Peter Cushing is his energetic self and is (as always) entertaining as a fast-talking, quick-witted, physically adept and ever-so-mannered archeologist. Thanks to the bizarre poster art that showed a beam of light shining through the mummy’s torso, Cushing suggested they “mustn’t cheat the audience…could I take the harpoon from the study and run it right through dear old Christopher?” Stories like this show the camaraderie and collaborative effort that, in this case, lead to one of the best scenes in the film, in which Cushing battles the undead creature. Aside from the hour-and-a-half prep time for Lee’s makeup, he fearlessly crashed through windows, and doors at one point nearly dislocating his shoulder when he plowed into a stunt door that was locked. Despite all the damage dealt towards the debonair actor, it doesn’t slow Kharis down, proving once again that the stately Christopher Lee is an incomparable monster.

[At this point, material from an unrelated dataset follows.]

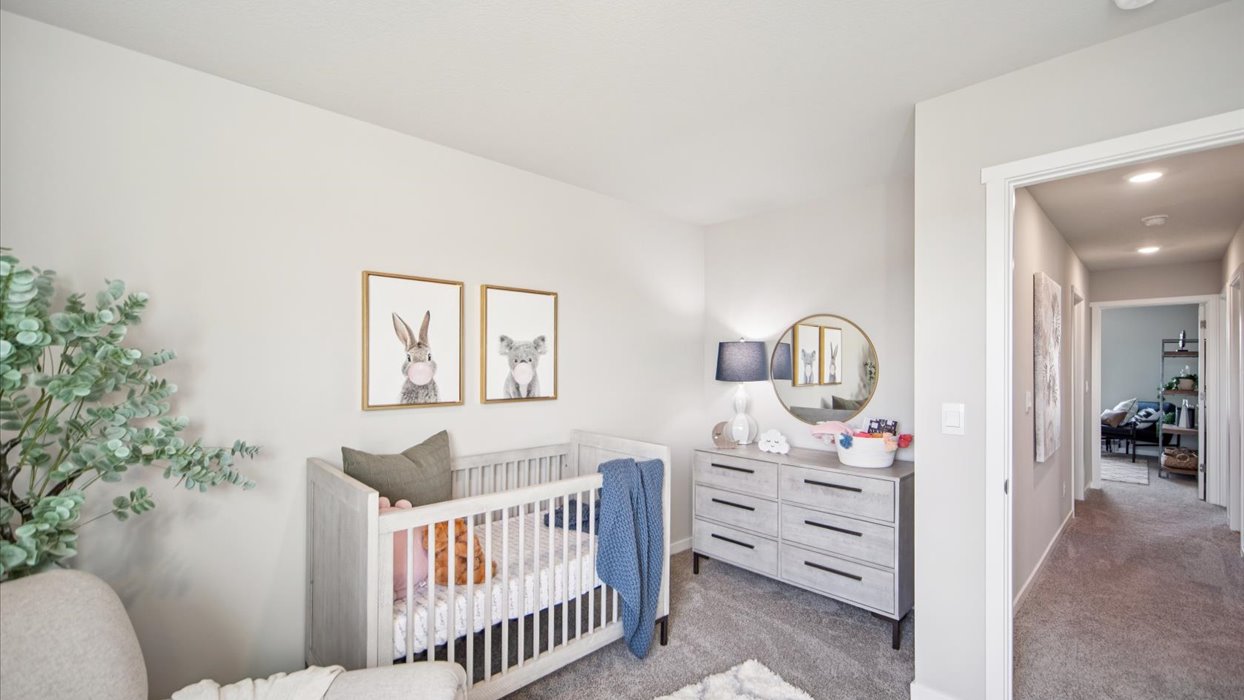 Comfortable secondary bedroom with natural light, modern finishes, and versatile living space.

Sets by Bernard Robinson make this modest project look as if it were multi-million dollar picture, the catacombs of Kharis and Ananka are brought to life on the much utilized Bray Studio. Cinematographer Jack Asher’s saturated technicolor palette accentuates the lush yellows and blues of Egyptian decor; the images just pop out at you. Fisher, favoring a more moody atmosphere after the more gore forward (for the time) approach in The Curse of Frankenstein and Horror of Dracula pays off handsomely, even if the brass at the British Board of Film Censors didn’t exactly approve. It seemed like Fisher’s illusory direction of implied macabre worked a bit too well since censors and critics once again lambasted Hammer for the suggested violence that they were so good at circumnavigating this time around.

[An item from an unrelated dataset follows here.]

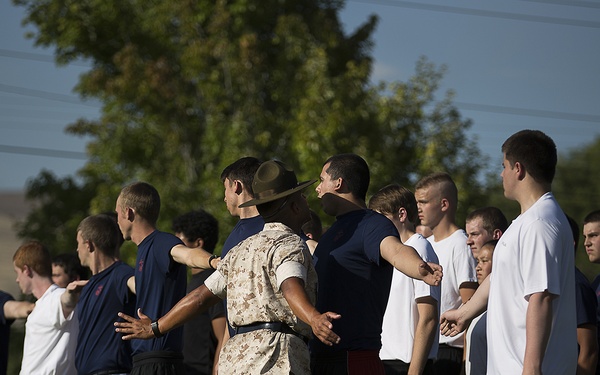 A military instructor or drill sergeant wearing desert camouflage uniform and a campaign cover (drill instructor hat) is organizing a group of young men in civilian athletic wear. The recruits or trainees are being arranged in a line formation outdoors on a grass field. The setting appears to be a military orientation, JROTC event, or recruiting activity.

Hammer’s saber rattling with the board of censors is something of a subject in itself. Ironically, when The Mummy was first screened, the BBFC gave Hammer’s latest monster movie an A certificate, meaning it would reach more screens (ergo being more profitable). When the color version played, however, it received an X certificate. John Trevelyan, head of the BBFC, protested the opening scene when Lee’s character Kharis get his tongue cut out. It wasn’t so much the act of mutilation, but the following scene that shows the severed piece of flesh being held up. Still images of this can be found (as it was left in the Japanese print), but these violent images had to be removed. Hammer’s relationship with the censors led to some selective editing for foreign distribution. Japanese cuts featured more blood, and versions for other European countries had a bit more skin. Regardless of the X rating, The Mummy was more of a success than Horror of Dracula. Hammer now had carte blanche with Universal’s collection of monsters. The sky seemed like the limit.
The Mummy doesn’t enjoy the recognition or prestige The Curse of Frankenstein or Horror of Dracula do, but it’s still one of the studio’s best-looking and most entertaining efforts, considered by many as one of their finest. These three films could be tethered as an informal trilogy, since they shaped Hammer horror, kicking off the studios three most enduring franchises, all helmed by Fisher and starring Lee and Cushing. Terence Fisher didn’t return to Hammer’s Mummy films, and its sequels consequently vary in quality. Suffice it to say, this one is the best, but we’ll hear more about the others later on.